Google just announced something that I’m really jazzed about: Google Custom Search Engine. Several people mentioned that Google’s Accessible Search was built by using Google Co-op under the hood. Co-op has opened much of that power up to the public, so that anyone can build a custom search engine.
Most custom search engines (whether it be Google’s free sitesearch or Yahoo! Search Builder) only let you select one site to search, or you can offer websearch. Even Rollyo only lets you search over 25 sites.
This new offering lets you easily add hundreds (thousands?) of urls. You can search over ONLY the sites you choose, or (my favorite) you can apply a boost to the sites you choose, with regular websearch as a backfill. That’s really nice, because if your chosen urls talk about a subject, you’ll often get matches from those urls, but if the user types something completely unrelated, you’ll still get web results back. So it’s a true custom search engine, not just an engine restricted to showing matches from some domains.
You can also choose to exclude results from different sites. As far as I can tell, this happens in pretty close to real-time, even for complex url patterns. For example, I added the pattern “google.com/*” and started to get results from the Google directory, so I excluded “google.com/Top/*” and the Google directory results went away immediately.
The look and feel is also customizable.

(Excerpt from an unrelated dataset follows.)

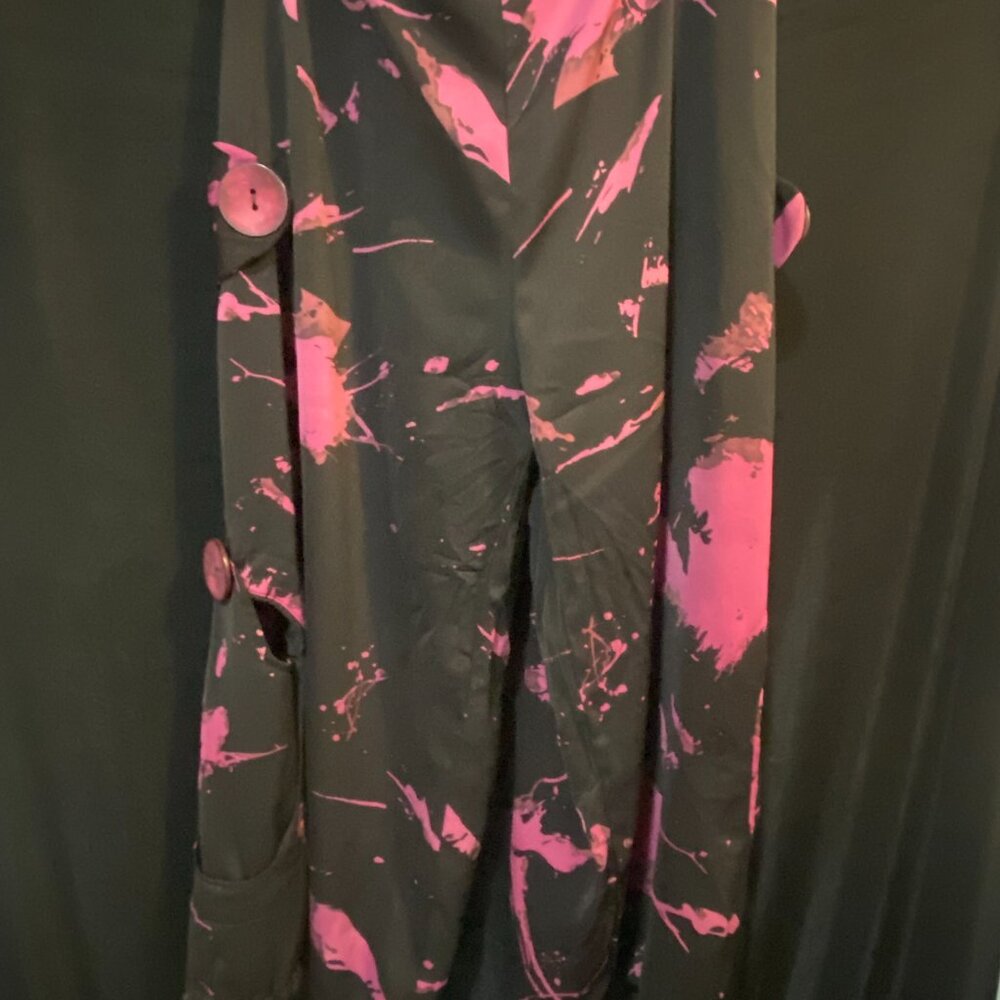 Red Coral Paint Splatter Capri Pants – Retro Pink & Black High-Waist Capris S/M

Search results can open up on google, or you can do an iframe to open results on your own site. The former option lets you pick some colors and a logo to customize; the latter option lets you fully integrate the search results into the look/feel of your site because you just wrap your preferred chrome around the iframe. If you’re a power webmaster, you’ll want to play with the iframe option.
Lots of other nice features are tucked away under the hood. For example, there’s a bookmarklet (Google Marker) so that if you’re surfing the web and find a site you’d like to add to your search engine, you just click and that site is instantly added to your search engine. And it wouldn’t be based on Google Co-op if you couldn’t choose to allow volunteers to edit your search engine and add new sites if you want. 🙂
When I played with the first version, I wanted to avoid the standard stuff where you plug in 1-2 sites and get a custom search engine that isn’t blood-pounding-ly exciting (“Oh, a search box, and it searches. Great.”). So what I did was take my feeds (I was using Bloglines at the time) and exported it as an OPML file. Running a command like
cat export.opml | grep "title=" | cut -d'"' -f6 | grep -v '^$' | sort | uniq
was enough to get the blog urls that I was reading (not the feed urls), and I threw those urls into the custom search engine.

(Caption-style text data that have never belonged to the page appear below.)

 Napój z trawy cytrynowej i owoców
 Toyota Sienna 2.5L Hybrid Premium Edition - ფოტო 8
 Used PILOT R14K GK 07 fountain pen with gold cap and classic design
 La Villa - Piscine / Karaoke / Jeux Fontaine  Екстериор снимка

And just like that, *BOOM* I had a search engine that covered 70+ blogs in the search/SEO industry. If I searched for [bug], it would return search engine bugs, not bugs in general. OPML-import was so much fun that the Co-op folks promised to support it (I know that importing from Bloglines works; importing from Google Reader might still need a tweak to the OPML parsing). It’s nice that every blogger can have a custom search engine that is centered around their interests.

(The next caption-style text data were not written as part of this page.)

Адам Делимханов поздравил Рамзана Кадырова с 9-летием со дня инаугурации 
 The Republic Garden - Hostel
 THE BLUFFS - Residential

There’s one tidbit that didn’t interest me much, but readers will probably be interested to hear. If you build a custom search engine, the Co-op folks provide a way to share revenue if people click on your search engine’s ads. Offering revshare is a great way to take a useful tool and get even more people interested in it.
Which leads to my personal take: there’s companies that tackle search for specific verticals (Trulia for real estate, Truveo for video, Kosmix for health and other topics, Powerset for natural language, Guruji for India). Those companies work hard to bring something special to their vertical search. But there’s a tier below “I want to get VC money to do vertical search,” and I think this product could enable that. In the same way that AdSense enabled a lot of very good content creation in different niches, Custom Search Engine could help a lot of people who want to make a search engine, but would be happy doing it not-as-a-VC-funded-startup. Anyway, this whole personal take is wild speculation, but it would be neat if it turned out to be true.
I do think that this launch will kick off a lot of opportunity that not everyone will see or understand at first. For example, the first person to make a truly kick-butt search engine about biking will likely start to attract volunteers and traction and first-mover attention, and could very well become the authority search for that niche. I think that this launch could kick off a wave of search over a long tail of niches; rather than a big vertical like “health,” someone could make a search for the much much smaller “health at every size” movement. Or juggling. Or insurance companies. Imagine your favorite niche, which could be as specific as a small-town or as broad as you want.
Give the Google Custom Search Engine a try. It’s easy enough that you can make a search engine quickly, but there’s a lot of power under the hood.